*** Block opens ***

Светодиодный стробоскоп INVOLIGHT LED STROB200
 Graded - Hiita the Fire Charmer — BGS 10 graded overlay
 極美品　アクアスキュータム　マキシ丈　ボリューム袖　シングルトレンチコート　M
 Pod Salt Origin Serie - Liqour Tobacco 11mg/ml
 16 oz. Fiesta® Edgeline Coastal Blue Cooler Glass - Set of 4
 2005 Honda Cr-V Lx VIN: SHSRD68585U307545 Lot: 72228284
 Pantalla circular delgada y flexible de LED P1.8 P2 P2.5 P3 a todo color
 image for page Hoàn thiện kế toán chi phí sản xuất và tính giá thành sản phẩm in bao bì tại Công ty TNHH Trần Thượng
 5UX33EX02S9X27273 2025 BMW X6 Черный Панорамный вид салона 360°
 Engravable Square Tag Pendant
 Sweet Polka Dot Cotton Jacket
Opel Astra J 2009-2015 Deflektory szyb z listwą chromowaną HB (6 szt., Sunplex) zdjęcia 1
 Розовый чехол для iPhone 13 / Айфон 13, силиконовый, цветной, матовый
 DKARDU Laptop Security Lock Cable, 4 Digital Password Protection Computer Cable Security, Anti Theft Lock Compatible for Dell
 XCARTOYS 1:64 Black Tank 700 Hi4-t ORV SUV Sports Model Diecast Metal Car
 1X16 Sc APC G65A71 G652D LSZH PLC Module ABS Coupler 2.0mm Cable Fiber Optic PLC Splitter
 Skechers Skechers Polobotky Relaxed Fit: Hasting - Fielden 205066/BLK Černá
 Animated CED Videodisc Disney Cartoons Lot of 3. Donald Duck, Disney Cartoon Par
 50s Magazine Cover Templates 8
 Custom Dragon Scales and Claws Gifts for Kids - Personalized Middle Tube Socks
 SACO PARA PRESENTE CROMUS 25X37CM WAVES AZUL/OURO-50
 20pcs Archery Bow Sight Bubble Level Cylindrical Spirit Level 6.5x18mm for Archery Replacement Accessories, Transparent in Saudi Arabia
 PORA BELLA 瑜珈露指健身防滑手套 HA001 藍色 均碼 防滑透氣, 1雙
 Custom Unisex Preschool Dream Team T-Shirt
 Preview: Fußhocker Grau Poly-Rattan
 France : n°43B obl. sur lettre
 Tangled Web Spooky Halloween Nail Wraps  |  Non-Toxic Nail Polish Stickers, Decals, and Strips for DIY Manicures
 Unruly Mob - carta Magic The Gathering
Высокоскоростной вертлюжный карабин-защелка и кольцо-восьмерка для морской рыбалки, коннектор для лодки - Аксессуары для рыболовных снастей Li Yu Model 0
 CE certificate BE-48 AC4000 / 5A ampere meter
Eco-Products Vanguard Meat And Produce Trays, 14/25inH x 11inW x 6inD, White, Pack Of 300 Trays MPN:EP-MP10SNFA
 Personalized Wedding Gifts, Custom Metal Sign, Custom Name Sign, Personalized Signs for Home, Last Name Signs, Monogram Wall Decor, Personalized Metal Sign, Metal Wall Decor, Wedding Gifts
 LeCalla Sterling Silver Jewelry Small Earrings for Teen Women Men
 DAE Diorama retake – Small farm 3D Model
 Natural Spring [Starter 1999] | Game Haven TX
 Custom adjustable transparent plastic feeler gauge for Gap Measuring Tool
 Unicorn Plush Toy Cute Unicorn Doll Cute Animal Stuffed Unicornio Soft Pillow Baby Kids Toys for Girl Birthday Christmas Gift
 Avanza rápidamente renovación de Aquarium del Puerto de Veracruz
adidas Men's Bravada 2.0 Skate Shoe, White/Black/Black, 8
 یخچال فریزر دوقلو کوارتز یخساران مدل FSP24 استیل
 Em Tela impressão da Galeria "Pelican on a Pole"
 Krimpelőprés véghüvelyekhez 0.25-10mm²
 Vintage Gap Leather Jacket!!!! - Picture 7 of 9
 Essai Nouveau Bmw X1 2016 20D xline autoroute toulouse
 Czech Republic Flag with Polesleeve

*** Block closes ***

WHAT IS REQUIRED -
Whenever the string "Small" shows up in a line above, copy that line.

ANSWER AREA -
 LeCalla Sterling Silver Jewelry Small Earrings for Teen Women Men
 DAE Diorama retake – Small farm 3D Model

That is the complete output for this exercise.